Jeff Beck s'amène sur scène sans présentation aucune. Pas nécessaire, le public de Wilfrid-Pelletier le connaît, il l'attend depuis toujours: le concert n'était pas commencé qu'il y a déjà un attroupement de fans maniaques qui examinaient «l'équipement» avec des étoiles dans les yeux. Même s'il n'est que 18h, il y a dans l'air la fébrilité des grands soirs.

Beck est tout de blanc vêtu, botillons compris. Il lance des becs (facile...) à la foule bruyante qui s'est levée d'un trait pour l'accueillir.

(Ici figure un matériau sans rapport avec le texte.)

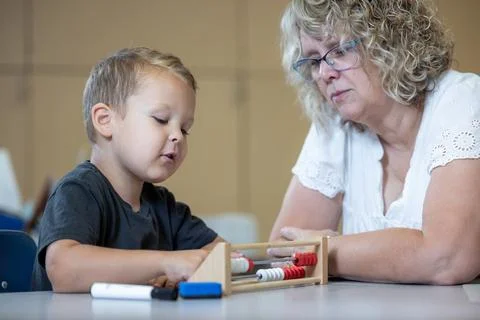 A young boy is sitting at a table with his teacher teaching him math Stock Photos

Il n'a pas encore joué une note qu'on remarque en lui une qualité essentielle de tout guitar hero qui se respecte: l'attitude rock.

Beck a beau avoir fait le virage fusion il y a 35 ans, sa guitare n'est pas encore au courant. Heureusement. Pour dire les choses crûment, quand les tounes sont plates - ce qui n'est pas rare dans le jazz-rock où on privilégie trop souvent la pyrotechnie - le spectacle ne l'est jamais avec Jeff Beck. Le guitariste se met en scène, il fait des gestes plus grands que nature, joue au gamin de 65 ans qui se jette à genoux pour remercier le public ou pour faire le baise-main à son extraordinaire bassiste australienne Tal Wilkenfeld. Quand, vers la fin du spectacle, la jeune femme s'avance dans la lumière jusque-là réservée au guitariste vedette, Beck se place immédiatement derrière elle et ils jouent un solo de basse à quatre mains!

Ça pourrait facilement virer au cirque si la musique n'était aussi bien jouée. Si ce n'était pas Jeff Beck, quoi. L'homme a été l'un des tout premiers à comprendre que sens du spectacle et compétence musicale pouvaient faire bon ménage. Et il nous en a donné la plus belle preuve lundi soir.

Les moments forts ont été nombreux, depuis Beck's Bolero où l'intrusion bruyante, et inopinée, de l'orgue de Jason Rebello n'a pas déconcentré le moins du monde le guitariste, jusqu'à sa version inspirée de A Day in the Life des Beatles. Beck a l'intelligence, la sensibilité et le culot pour marquer cette chanson de sa signature et la rendre dans toute sa beauté dramatique.

Son emprunt à Stevie Wonder, Cause We've Ended As Lovers, était saisissant. Non seulement la guitare de Beck chantait-elle comme une voix de femme, mais son long solo avait bien plus d'énergie et de folie que ce qu'on a vu dans le DVD Live at Ronnie Scott's. Je pense aussi à Nadia, de Nitin Sawhney, où Beck donnait l'impression de jouer du sitar, aux notes haut-perchées qu'il a tirées de sa guitare, les deux mains sur son manche, pendant Angel (Footsteps) et à la bien-nommée Brush With the Blues au beat pesant qui a fait se lever toute la salle.

Behind the Veil, sur un rythme reggae, a prouvé hors de doute que ce groupe-là est remarquablement soudé. Si le claviériste Rebello est moins en évidence, on sent toujours la basse de Wilkenfeld rouler derrière la guitare tantôt plaintive, tantôt rugissante de Beck, et le batteur Vinnie Colaiuta s'est imposé comme le moteur de cette machine bien huilée bien avant son solo au début de Led Boots.

Au rappel, Beck et Rebello nous ont servi la délicate Where Were You puis, avec Wilkenfeld et Colaiuta, Beck nous a joué le thème de Peter Gunn. Pour que notre bonheur soit complet, il ne manquait que Ding et Dong.